▶ TRY IT: Every entry is to be restated exactly; pictures are not part of the copy.

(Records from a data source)
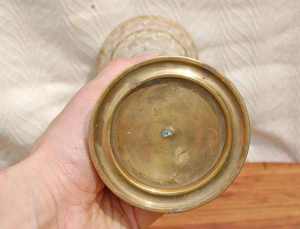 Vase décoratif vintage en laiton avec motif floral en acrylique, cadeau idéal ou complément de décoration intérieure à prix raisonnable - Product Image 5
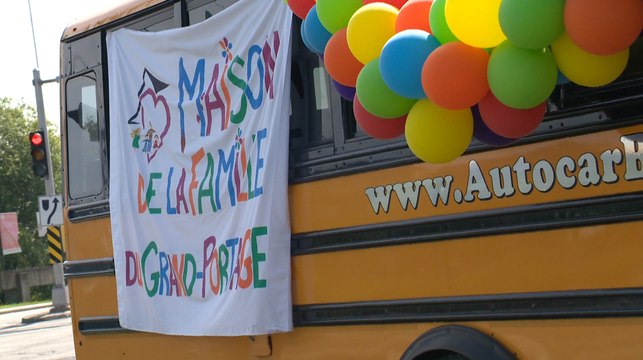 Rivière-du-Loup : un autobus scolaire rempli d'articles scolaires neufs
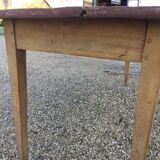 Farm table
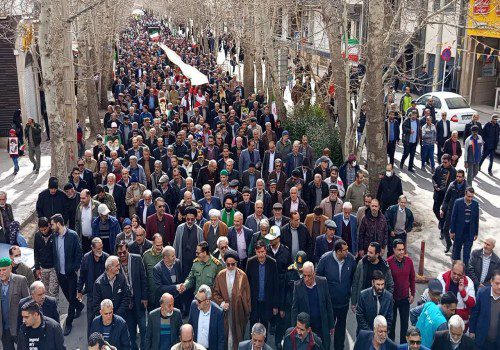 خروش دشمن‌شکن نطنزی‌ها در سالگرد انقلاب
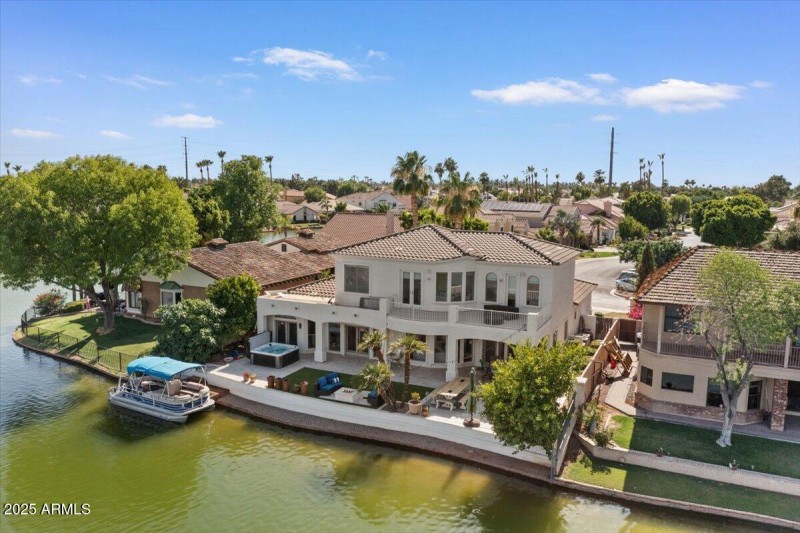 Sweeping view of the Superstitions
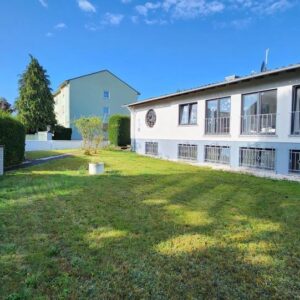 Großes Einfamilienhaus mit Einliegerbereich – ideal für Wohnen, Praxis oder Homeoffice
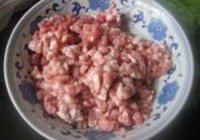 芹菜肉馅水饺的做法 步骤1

▶ THE COMPLETED TASK:
 Vase décoratif vintage en laiton avec motif floral en acrylique, cadeau idéal ou complément de décoration intérieure à prix raisonnable - Product Image 5
 Rivière-du-Loup : un autobus scolaire rempli d'articles scolaires neufs
 Farm table
 خروش دشمن‌شکن نطنزی‌ها در سالگرد انقلاب
 Sweeping view of the Superstitions
 Großes Einfamilienhaus mit Einliegerbereich – ideal für Wohnen, Praxis oder Homeoffice
 芹菜肉馅水饺的做法 步骤1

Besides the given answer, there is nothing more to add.